Although enumeration constants have type int, a specific enumeration
type may have a smaller range of values, be stored in a smaller int
type, and have a lesser rank. Standard C only supports enumeration
values within the range for type int. Attempting to specify an
enumeration constant with a value outside the range of an int violates
a constraint and requires a diagnostic. A conforming implementation
could still support larger values and provide sufficient storage for
the declared range, but it must still issue the diagnostic (in
conforming mode).

 

[Keith Thompson]

What if there are more than INT_MAX+1 items in the enumeration? Is an
implementation required to reject these, or may it choose long as the
integer type? Or is there undefined behavior?

C99 6.7.2.2p2 (a constraint) says:

The expression that defines the value of an enumeration constant
shall be an integer constant expression that has a value
representable as an int.

6.7.2.2p3 says:

The identifiers in an enumerator list are declared as constants
that have type int and may appear wherever such are permitted.
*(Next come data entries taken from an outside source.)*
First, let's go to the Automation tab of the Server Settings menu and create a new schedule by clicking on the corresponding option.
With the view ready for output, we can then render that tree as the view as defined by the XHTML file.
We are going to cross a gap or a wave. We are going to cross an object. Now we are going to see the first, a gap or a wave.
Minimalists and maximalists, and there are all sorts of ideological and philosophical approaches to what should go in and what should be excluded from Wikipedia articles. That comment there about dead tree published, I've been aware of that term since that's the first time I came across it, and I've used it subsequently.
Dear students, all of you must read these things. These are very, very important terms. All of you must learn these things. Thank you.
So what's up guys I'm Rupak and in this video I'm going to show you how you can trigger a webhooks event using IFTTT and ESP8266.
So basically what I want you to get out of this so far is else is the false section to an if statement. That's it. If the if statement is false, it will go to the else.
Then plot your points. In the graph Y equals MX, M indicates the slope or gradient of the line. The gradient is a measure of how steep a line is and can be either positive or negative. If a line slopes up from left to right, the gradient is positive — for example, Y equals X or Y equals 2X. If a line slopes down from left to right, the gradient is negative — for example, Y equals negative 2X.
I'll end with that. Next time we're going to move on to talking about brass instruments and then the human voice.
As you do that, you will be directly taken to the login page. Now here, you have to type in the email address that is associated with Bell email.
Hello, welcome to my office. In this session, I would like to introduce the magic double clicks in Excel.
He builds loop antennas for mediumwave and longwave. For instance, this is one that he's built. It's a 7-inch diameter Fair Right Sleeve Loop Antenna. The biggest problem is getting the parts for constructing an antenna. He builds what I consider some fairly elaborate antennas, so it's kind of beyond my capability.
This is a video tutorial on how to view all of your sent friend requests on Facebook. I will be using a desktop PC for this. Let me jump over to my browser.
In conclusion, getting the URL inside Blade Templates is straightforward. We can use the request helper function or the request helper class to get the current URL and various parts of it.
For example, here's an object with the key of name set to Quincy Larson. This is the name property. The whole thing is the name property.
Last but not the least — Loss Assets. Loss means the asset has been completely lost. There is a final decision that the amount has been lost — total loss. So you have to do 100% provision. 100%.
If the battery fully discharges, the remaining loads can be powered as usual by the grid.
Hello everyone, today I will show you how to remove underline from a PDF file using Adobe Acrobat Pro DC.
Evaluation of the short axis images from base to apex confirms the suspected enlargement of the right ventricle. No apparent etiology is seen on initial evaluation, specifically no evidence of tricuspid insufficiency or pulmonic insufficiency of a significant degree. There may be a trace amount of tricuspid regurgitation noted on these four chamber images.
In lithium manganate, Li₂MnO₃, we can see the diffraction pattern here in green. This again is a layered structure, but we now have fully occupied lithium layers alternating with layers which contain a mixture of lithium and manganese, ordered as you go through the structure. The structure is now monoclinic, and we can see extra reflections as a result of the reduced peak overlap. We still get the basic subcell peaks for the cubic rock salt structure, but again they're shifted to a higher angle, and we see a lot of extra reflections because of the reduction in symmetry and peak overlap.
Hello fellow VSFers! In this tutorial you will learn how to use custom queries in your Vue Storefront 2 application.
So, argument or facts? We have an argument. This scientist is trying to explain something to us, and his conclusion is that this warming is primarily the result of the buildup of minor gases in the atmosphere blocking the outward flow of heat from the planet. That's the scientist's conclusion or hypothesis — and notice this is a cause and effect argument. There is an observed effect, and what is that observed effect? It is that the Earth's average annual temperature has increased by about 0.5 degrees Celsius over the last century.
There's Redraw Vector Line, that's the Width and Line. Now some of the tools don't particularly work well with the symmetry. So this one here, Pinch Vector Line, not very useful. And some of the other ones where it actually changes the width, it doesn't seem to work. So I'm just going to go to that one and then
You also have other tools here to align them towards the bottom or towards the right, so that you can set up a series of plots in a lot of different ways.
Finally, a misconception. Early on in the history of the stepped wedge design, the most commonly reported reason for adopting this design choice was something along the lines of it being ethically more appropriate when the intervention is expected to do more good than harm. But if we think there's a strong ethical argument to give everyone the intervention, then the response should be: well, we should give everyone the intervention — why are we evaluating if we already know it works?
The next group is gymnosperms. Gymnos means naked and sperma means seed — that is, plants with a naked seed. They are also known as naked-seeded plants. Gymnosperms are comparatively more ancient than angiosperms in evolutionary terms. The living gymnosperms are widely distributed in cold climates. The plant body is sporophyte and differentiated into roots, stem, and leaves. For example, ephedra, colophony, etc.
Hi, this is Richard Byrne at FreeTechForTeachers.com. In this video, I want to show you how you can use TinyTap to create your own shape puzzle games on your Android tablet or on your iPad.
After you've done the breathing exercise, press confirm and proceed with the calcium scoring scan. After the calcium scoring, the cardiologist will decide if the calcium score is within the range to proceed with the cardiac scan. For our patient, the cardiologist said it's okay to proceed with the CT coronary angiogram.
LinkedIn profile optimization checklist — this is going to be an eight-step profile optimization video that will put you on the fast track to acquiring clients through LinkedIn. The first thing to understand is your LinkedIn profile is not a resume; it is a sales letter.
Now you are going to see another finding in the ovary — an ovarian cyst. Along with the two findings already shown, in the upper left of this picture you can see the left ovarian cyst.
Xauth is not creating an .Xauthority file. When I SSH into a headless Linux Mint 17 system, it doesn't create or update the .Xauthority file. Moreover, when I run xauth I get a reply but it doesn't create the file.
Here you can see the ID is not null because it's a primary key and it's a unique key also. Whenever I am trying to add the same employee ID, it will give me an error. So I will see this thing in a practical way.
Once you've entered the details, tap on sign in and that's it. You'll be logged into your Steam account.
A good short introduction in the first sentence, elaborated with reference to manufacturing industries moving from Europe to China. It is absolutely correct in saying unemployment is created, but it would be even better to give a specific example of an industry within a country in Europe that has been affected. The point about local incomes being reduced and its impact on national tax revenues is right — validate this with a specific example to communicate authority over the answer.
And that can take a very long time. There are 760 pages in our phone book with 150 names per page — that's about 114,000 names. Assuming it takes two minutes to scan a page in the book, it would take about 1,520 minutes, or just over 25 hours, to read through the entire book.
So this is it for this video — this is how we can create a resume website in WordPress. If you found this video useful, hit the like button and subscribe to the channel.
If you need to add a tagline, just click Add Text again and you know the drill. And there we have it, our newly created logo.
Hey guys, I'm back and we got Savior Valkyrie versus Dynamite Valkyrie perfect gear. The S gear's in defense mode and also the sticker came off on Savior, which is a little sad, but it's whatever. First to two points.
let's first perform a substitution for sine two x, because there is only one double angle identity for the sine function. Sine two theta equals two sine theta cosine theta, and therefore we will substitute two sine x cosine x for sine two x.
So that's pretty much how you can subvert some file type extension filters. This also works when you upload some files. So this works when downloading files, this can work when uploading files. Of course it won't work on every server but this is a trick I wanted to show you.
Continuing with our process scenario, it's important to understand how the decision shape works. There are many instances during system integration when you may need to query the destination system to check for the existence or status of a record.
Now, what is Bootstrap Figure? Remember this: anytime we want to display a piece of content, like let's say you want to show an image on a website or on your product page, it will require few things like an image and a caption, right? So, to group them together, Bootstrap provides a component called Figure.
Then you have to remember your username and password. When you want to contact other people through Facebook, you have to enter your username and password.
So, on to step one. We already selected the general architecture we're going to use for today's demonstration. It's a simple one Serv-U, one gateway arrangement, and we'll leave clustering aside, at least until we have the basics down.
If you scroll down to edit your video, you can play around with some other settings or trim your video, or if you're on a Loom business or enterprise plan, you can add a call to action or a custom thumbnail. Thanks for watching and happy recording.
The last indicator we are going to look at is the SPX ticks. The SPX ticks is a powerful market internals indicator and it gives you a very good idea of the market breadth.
I don't see an explicit statement about this case:

#include <limits.h>
enum { foo = INT_MAX, bar };

where an enumerator has a value not representable as an int, but
there's no expression defining it -- but it seems reasonable to assume
that it's an error. (It's undefined behavior at the very least.)

 

[Keith Thompson]

Ridiculous. That would mean that someone, somewhere, spend
considerable time typing in at least 32767 unique identifiers into
the enum definition statement. The result would exceed the
standard guaranteed size availability for compiler input lines.

Not at all. C code doesn't have to be typed manually; in fact,
automatically generated C code is quite common. And there's no reason
a huge enumeration type has to be declared on a single line.

#include <stdio.h>
int main(void)
{
long i;
printf("enum really_big {\n");
for (i = 0; i <= 32768; i ++) {
printf(" x%05d,\n", i);
}
printf("}\n");
return 0;
}

And of course you can achieve the same effect by specifying values for
the enumerators:

enum not_quite_as_big {
x00000 = 0,
x32768 = 32768,
};

The latter is a constraint violation if INT_MAX==32767; see my
response elsethread for chapter and verse.

 

[Malcolm]

Not at all. C code doesn't have to be typed manually; in fact,
automatically generated C code is quite common. And there's no reason
a huge enumeration type has to be declared on a single line.

But the whole point of an enum is to make code humanly readable.

Granted, sometimes automatically generated code is designed to be read, but
if it has 32767 types in an enumeration?